Toddler saved from drowning
AZDOC officer performs CPR on child after hearing call for help
An Arizona Department of Corrections officer performed CPR on an unresponsive child who almost drowned in a park pond, saving his life, the Somerton Police Department reported on Tuesday.
According to information provided by Chief of Police Joseph A. Turitto Jr., at approximately 11:40 a.m., the Somerton Police Department received a 911 call reporting a child drowning in a pond located at Council Park and that first responders were on the scene within minutes.

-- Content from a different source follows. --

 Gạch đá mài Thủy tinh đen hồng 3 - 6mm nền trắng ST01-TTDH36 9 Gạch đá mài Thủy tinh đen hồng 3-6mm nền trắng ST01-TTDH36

However, before their arrival, a corrections officer, who happened to be in the park at the time supervising an AZDOC inmate work crew, saw a woman frantically yelling for help near the water’s edge.
The corrections officer, who was only identified as J. Alvarez, ran over to the woman and began performing CPR on the 1-year-old child, who was unresponsive and not breathing. After several moments, the child regained consciousness and began breathing on his own.
A preliminary investigation into the incident revealed the child’s mother was in the Somerton library, and had left the child in the care of a 45-year-old, who was also a resident of Somerton.
The aunt had taken the child, who was in a stroller, into the park’s restroom, leaving the child in the unsecured stroller outside the bathroom stall door. The child, however, managed to get out of the stroller and make his way to the water’s edge where he fell into the water.
When the aunt came out of the restroom to look for the child, she saw him floating in the pond and pulled him from the water.
The child was transported to Yuma Regional Medical Center and is in stable condition. He will remain in the hospital overnight for observation.
Somerton Police detectives are investigating the circumstances surrounding the incident.